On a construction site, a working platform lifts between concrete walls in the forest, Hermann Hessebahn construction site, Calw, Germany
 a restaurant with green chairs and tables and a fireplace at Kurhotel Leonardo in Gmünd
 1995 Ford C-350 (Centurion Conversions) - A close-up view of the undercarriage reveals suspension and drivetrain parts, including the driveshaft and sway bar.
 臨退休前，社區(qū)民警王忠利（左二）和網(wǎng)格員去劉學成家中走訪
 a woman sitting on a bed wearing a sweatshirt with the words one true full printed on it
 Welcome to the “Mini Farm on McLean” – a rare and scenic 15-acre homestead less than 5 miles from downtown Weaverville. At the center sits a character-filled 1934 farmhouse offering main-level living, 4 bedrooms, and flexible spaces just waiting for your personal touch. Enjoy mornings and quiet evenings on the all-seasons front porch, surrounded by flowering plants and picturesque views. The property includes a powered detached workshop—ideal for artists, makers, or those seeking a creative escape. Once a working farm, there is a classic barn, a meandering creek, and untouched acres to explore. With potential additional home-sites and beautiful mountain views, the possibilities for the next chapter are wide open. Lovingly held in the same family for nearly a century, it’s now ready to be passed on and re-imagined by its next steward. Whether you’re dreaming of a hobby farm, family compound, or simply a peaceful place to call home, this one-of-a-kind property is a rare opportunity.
--------------------------------
PROBLEM TO WORK ON:
Without changing a word, print all of the entries above.

REPLY:
On a construction site, a working platform lifts between concrete walls in the forest, Hermann Hessebahn construction site, Calw, Germany
 a restaurant with green chairs and tables and a fireplace at Kurhotel Leonardo in Gmünd
 1995 Ford C-350 (Centurion Conversions) - A close-up view of the undercarriage reveals suspension and drivetrain parts, including the driveshaft and sway bar.
 臨退休前，社區(qū)民警王忠利（左二）和網(wǎng)格員去劉學成家中走訪
 a woman sitting on a bed wearing a sweatshirt with the words one true full printed on it
 Welcome to the “Mini Farm on McLean” – a rare and scenic 15-acre homestead less than 5 miles from downtown Weaverville. At the center sits a character-filled 1934 farmhouse offering main-level living, 4 bedrooms, and flexible spaces just waiting for your personal touch. Enjoy mornings and quiet evenings on the all-seasons front porch, surrounded by flowering plants and picturesque views. The property includes a powered detached workshop—ideal for artists, makers, or those seeking a creative escape. Once a working farm, there is a classic barn, a meandering creek, and untouched acres to explore. With potential additional home-sites and beautiful mountain views, the possibilities for the next chapter are wide open. Lovingly held in the same family for nearly a century, it’s now ready to be passed on and re-imagined by its next steward. Whether you’re dreaming of a hobby farm, family compound, or simply a peaceful place to call home, this one-of-a-kind property is a rare opportunity.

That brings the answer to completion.